A property that is a CRP is an “eligible property” pursuant to paragraph 85(1.1)(c). Consequently, the Taxpayer may transfer it to a taxable Canadian corporation pursuant to subsection 85(1) in exchange for consideration that includes at least one share of the corporation. Generally, where the Taxpayer and the corporation agree upon an amount that does not exceed the fair market value of the property and that is not less than the fair market value of any non-share consideration that is received, the amount agreed upon becomes (subject to certain specific limitations) the Taxpayer’s proceeds of disposition and the corporation’s cost of the property.
In the case of a CRP, the rules in subsection 85(1) do not establish a minimum limit for the agreed amount. Hence, where the Taxpayer transfers the Property to a corporation pursuant to subsection 85(1), the agreed amount can be any amount up to the fair market value of the Property.
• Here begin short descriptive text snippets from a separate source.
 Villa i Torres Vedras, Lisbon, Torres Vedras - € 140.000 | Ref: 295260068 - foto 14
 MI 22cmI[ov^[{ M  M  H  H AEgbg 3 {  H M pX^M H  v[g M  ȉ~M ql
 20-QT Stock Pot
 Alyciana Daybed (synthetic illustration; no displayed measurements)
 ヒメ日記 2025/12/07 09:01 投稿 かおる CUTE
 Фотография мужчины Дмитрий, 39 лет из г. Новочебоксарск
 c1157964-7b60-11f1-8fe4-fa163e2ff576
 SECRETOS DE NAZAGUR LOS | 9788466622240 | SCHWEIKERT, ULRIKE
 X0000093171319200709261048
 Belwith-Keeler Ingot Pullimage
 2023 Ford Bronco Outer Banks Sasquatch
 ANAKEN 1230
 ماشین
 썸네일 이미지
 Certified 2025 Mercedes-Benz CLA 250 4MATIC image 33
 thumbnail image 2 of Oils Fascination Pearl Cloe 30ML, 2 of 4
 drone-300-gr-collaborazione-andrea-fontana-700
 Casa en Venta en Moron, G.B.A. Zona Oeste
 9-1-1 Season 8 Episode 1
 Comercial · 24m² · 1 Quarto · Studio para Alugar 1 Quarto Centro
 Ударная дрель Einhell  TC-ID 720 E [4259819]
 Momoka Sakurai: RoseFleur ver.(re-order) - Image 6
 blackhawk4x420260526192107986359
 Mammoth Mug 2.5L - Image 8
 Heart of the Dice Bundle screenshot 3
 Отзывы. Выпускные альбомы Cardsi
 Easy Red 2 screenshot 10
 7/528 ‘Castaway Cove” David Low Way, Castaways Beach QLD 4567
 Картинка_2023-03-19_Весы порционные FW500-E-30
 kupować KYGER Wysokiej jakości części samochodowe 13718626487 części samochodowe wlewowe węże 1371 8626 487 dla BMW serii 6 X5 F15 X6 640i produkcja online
Pursuant to paragraph 85(1)(a), the agreed and elected amount is deemed to be the Taxpayer’s proceeds of disposition of the Property and the corporation’s cost of the Property.
In order for the provisions of subsection 85(1) to apply, a joint election must be made in prescribed form by both the Taxpayer and the corporation. The administrative procedures are discussed in IC 76-19R3.
As explained in Interpretation Bulletin IT-125R4 (Archived) – Dispositions of Resource Properties (enclosed herein), the disposition of CRP is specifically excluded from capital gains treatment by subparagraph 39(1)(a)(ii). Instead, where the Taxpayer disposes of oil and gas property, the Taxpayer’s CCOGPE balance will be reduced by the amount of the proceeds of disposition received by the Taxpayer as a result of the disposition, less outlays or expenses made or incurred for the purpose of the disposition and that are not otherwise deductible for the purposes of Part I of the Act. If the Taxpayer’s CCOGPE balance becomes negative as a result of this reduction, the negative amount is deducted from the Taxpayer’s CCDE by virtue of 66.4(1) and element “L” of CCDE definition in subsection 66.2(5). If the Taxpayer’s CCDE becomes negative as a result of this reduction, the negative amount will be included in the Taxpayer’s income for that taxation year pursuant to subsection 66.2(1) and paragraph 59(3.2)(c).
Where the Taxpayer disposes of a mining right that meets the definition of CRP in paragraph (b) there will be a reduction to the Taxpayer’s CCDE, under element “F” of the definition of CCDE in subsection 66.2(5).
The amount of the reduction to the Taxpayer’s CCDE is equal to the proceeds of disposition received by the Taxpayer as a result of the disposition, less outlays or expenses made or incurred for the purpose of the disposition and that are not otherwise deductible for the purposes of Part I of the Act. If the Taxpayer’s CCDE becomes negative as a result of this reduction, the negative amount must be included in income for that taxation year pursuant to subsection 66.2(1) and paragraph 59(3.2)(c).
We hope that these comments will be of assistance.
Yours truly,
Kimberley Wharram
Acting Manager, Resources Section
Reorganizations Division
Income Tax Rulings Directorate
Legislative Policy & Regulatory Affairs Branch
FOOTNOTES
Note to reader: Because of our system requirements, the footnotes contained in the original document are shown below instead:
1 R.S.C. 1985, c. 1 (5th suppl.) as amended; hereinafter (the “Act”).